A Short History of Tractors in Ukrainian is a quick, enjoyable read. The broken English and put-downs are hilarious, facilitated by Lewycka's razor-sharp and sympathetic wit.

Long Lane With Turnings: Last Words Of A Motoring Legend, By L.J.K. Setright, Publisher: Granta Books, Price: £12.99

Leonard Setright was one of the 20th century's most influential, opinionated and idiosyncratic motoring journalists. Described as "more Isaiah Berlin than Jeremy Clarkson," everything he wrote was inspired by his knowledge of and passion for all things automotive.

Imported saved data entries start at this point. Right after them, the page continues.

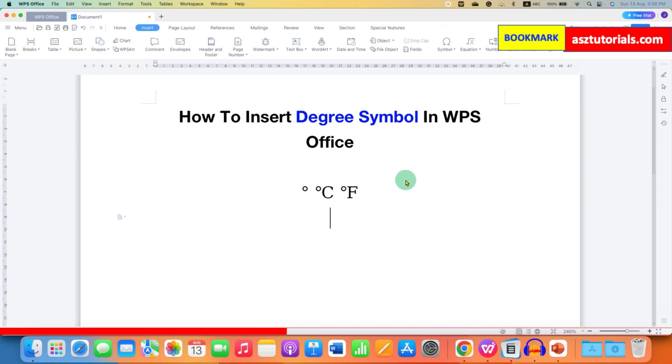This is one method and if you want to write the degree symbol in the text,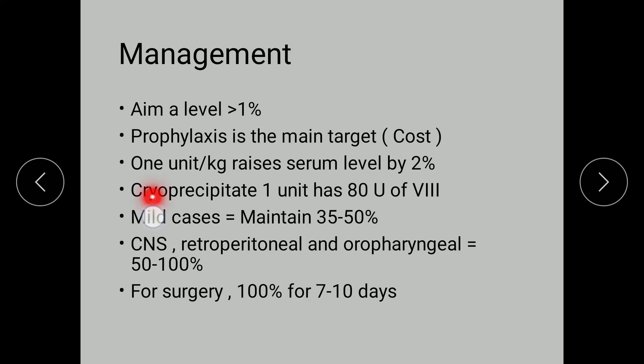Cryoprecipitate: 1 unit contains 80 units of Factor 8 — this was a previous exam question. For mild cases of bleeding, maintain a target of 35 to 50%. For CNS, retropharyngeal, and oropharyngeal bleeds, maintain a target of 50 to 100% of Factor 8. For surgery, maintain 100% Factor 8 for a minimum of 7 to 10 days.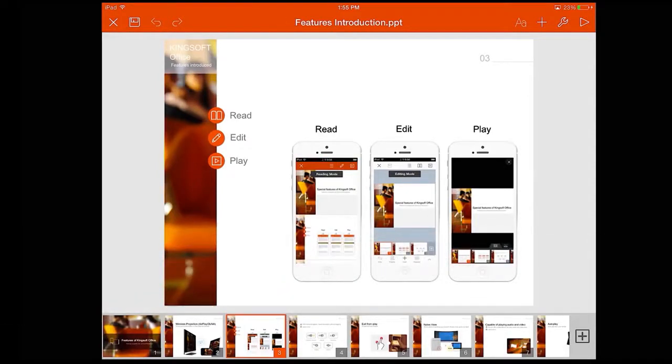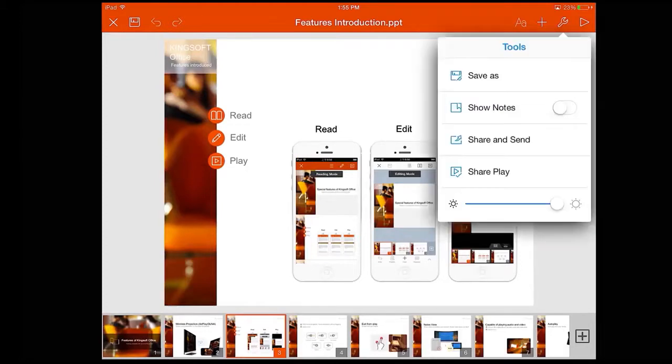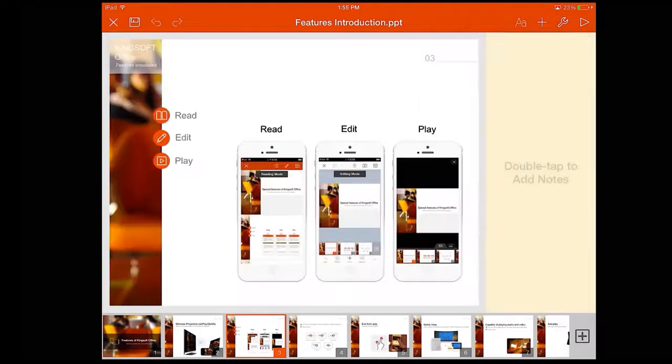Open the slide you wish to add notes to. Then come up and select Tools. Turn on Show Notes.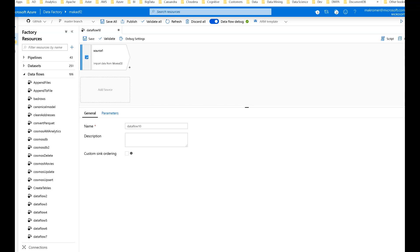Hey ADF fans, welcome back. Thanks for joining me. This is going to be a video on self-join pattern in data flows in Data Factory. You're going to run into the self-join pattern fairly often in data flows.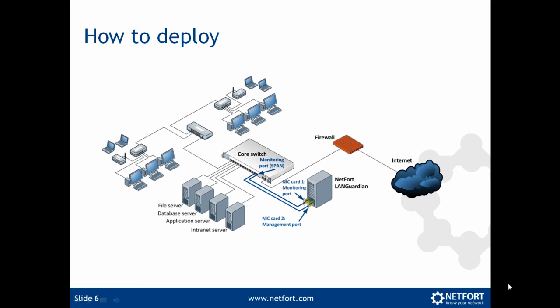So typically on a network, if you want to monitor your internet activity, you download our software, you install it onto a PC or server. The hardware specs are shown on our website. So you go to www.netfort.com, you'll see them there. You connect your LAN Guardian into your core switch, and if you don't know where it is, what you need to do is find where your internet actually comes in and where your firewall connection connects into the network. So you're looking for your internet port on your firewall or on your DSL router, trace it back to whatever switch it's plugged into. And that's the core switch for monitoring your internet.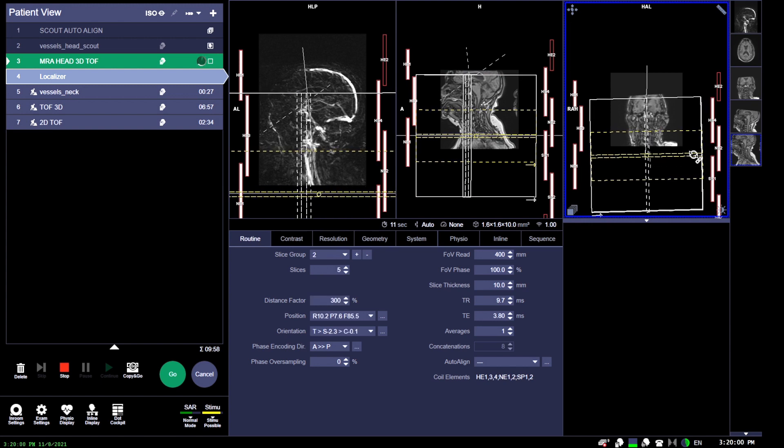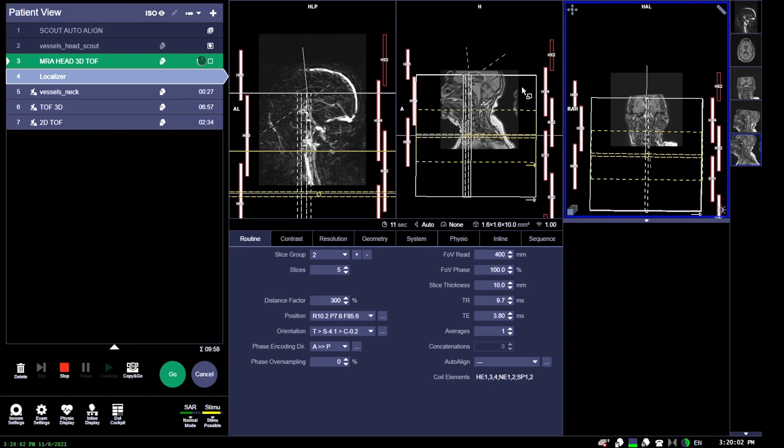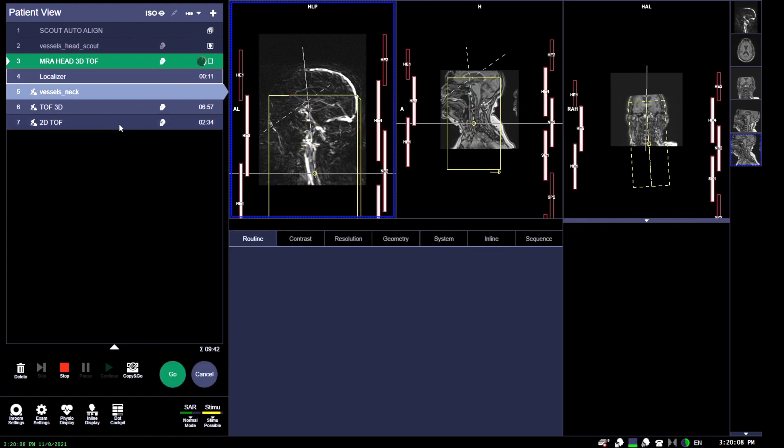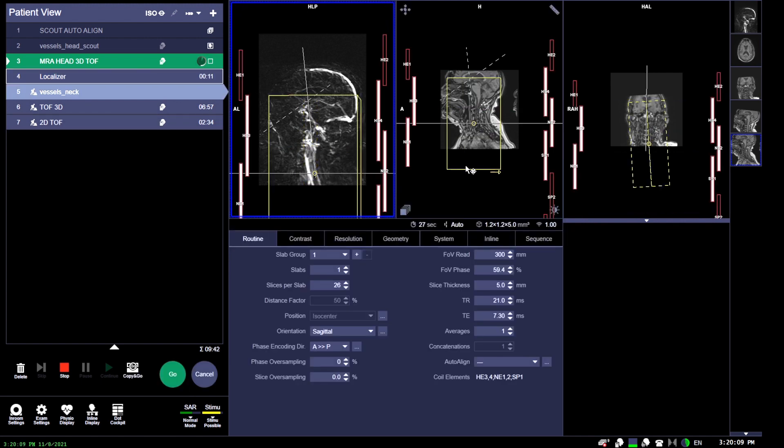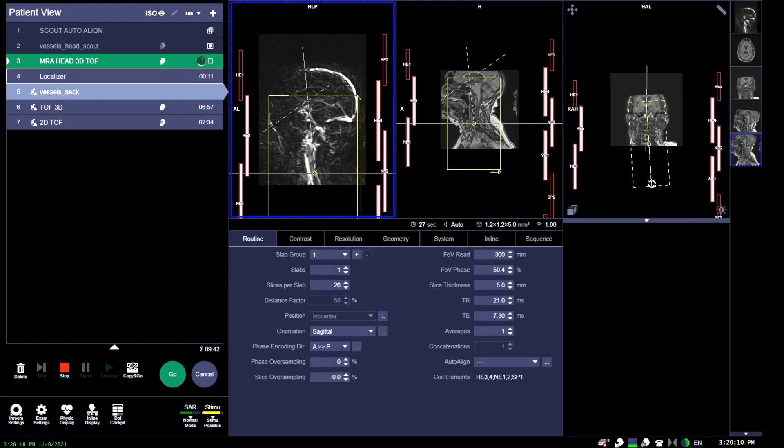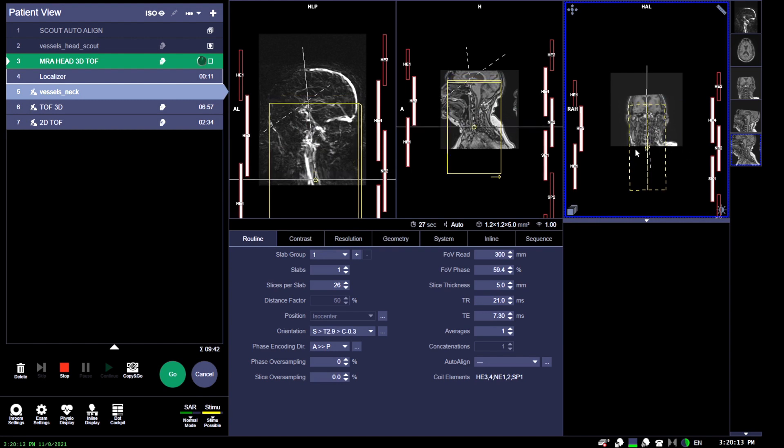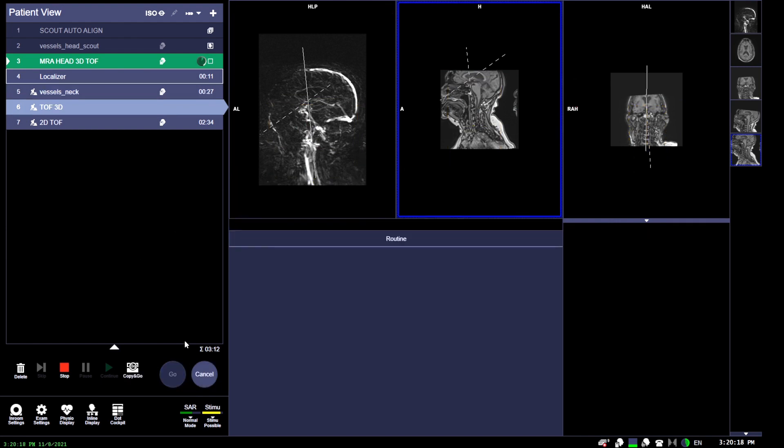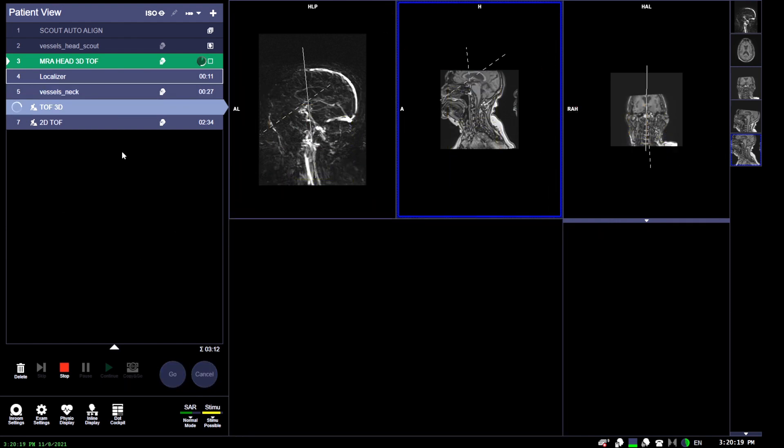Some parameters for the MRA brain: field of view of 22 approximately, slice thickness of 1.2 overlapping, locs around 4, locations per slab is like 32, you can do a matrix of 256 by 160 depending on the site, a TR of around 23, a flip angle of around 25. Make sure again that you want to have that saturation band on the superior part of the head here.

Long Lane with Turnings is a dryly witty memoir of his early years, left unfinished at the time of his death in the summer of 2005. We encounter Setright as a child, developing that independence of mind that so characterised his writing as a critic. His descriptions of the cars he drove are pitch-perfect, be it the Mini ("a very convincing little brick") or a Renault 4 ("swaying like a sailing dinghy in corners"). The portrait that emerges from these pages is marvellously detailed, quirky and full of warmth.